- Work item: With the pictures omitted, please transcribe exactly the lines beginning at the one that contains "Magnet Fishing River" and ending with the last line of the records below.
------ Data extract
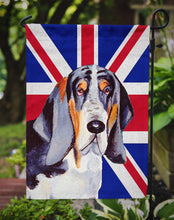 Load image into Gallery viewer, Basset Hound with English Union Jack British Flag Garden Flag - Outdoor Decorative Yard Flag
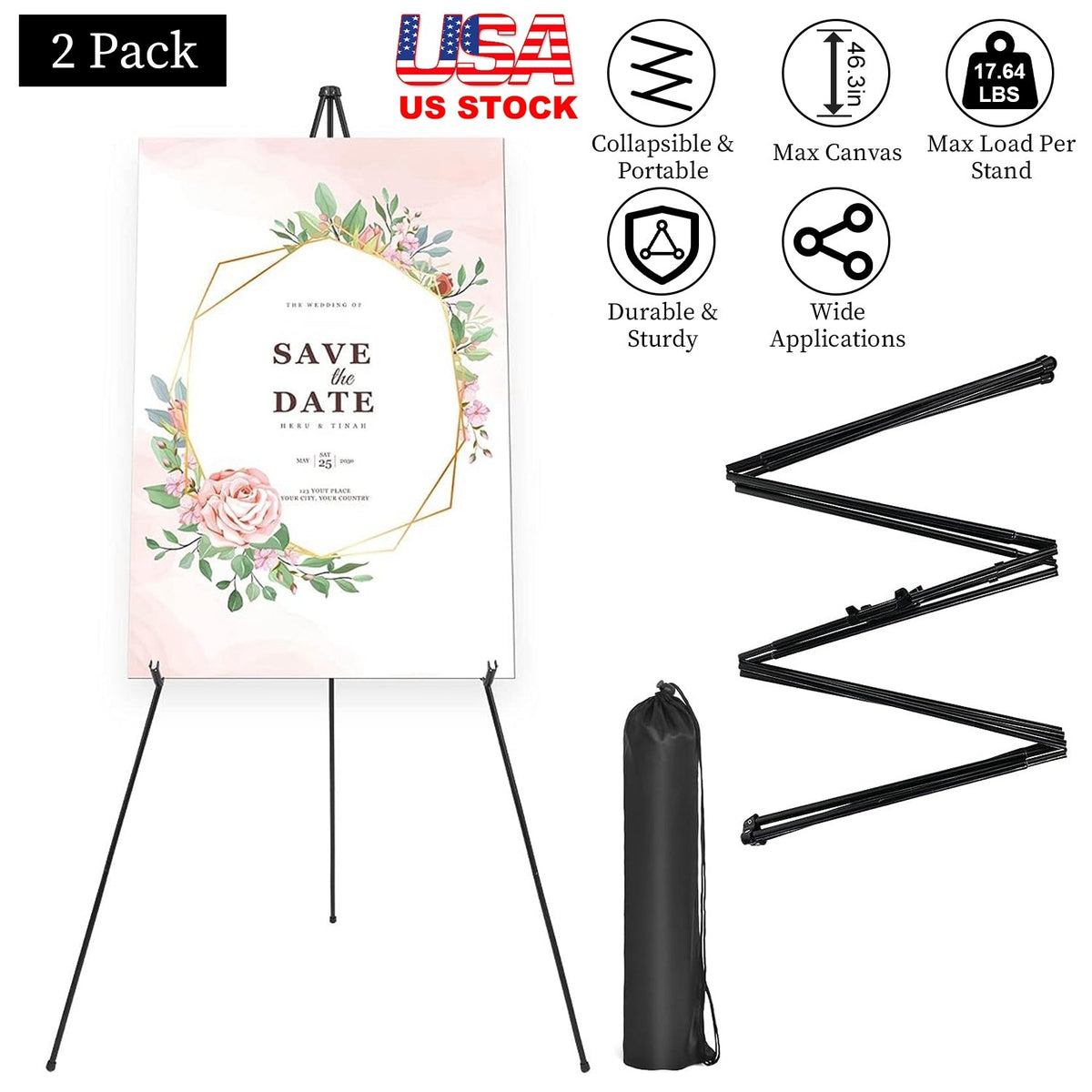 2 Pack Easel Stand for Display 61in Collapsible A Frame Tripod Easel Iron Alloy Drawing Stand with 2 Carry Bags for Wedding Poster Art Drawing Meeting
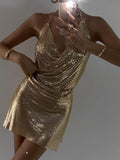 Gold Sequins Diamonds Sexy Night Party Dress Women Sleeveless Halter Backless Mini Dresses Femme Clubwear V-Neck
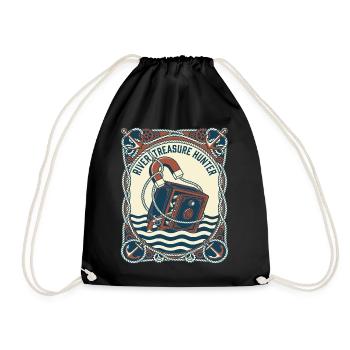 Magnet Fishing River Treasure Hunter - Drawstring Bag - black - Front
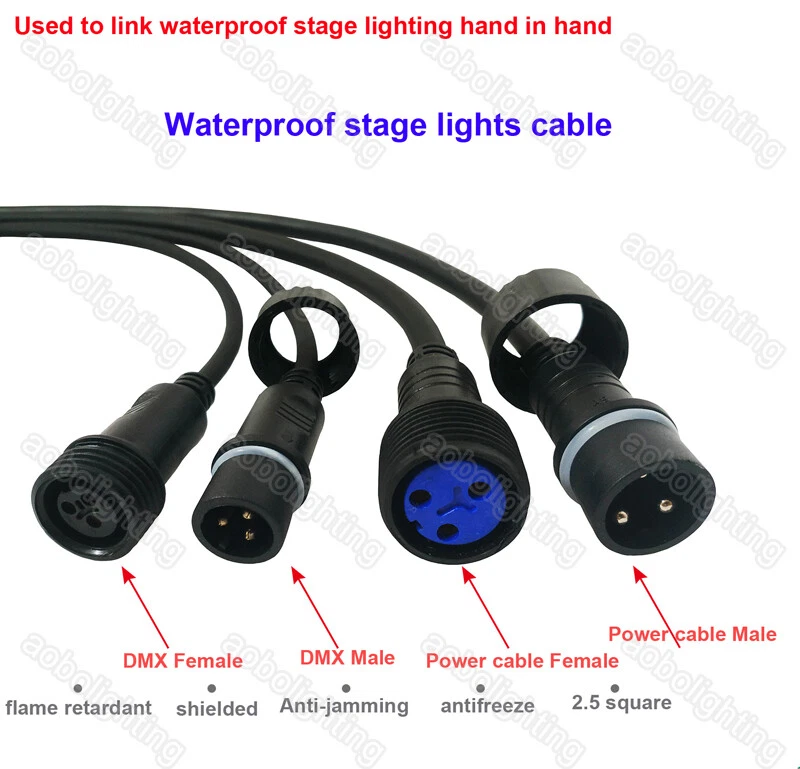 IP65 6.5ft Waterproof LED Par Can Lights power cable outdoor Lighting DMX Cable - Image 1 of 4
------------
- Result for this task:
 Magnet Fishing River Treasure Hunter - Drawstring Bag - black - Front
 IP65 6.5ft Waterproof LED Par Can Lights power cable outdoor Lighting DMX Cable - Image 1 of 4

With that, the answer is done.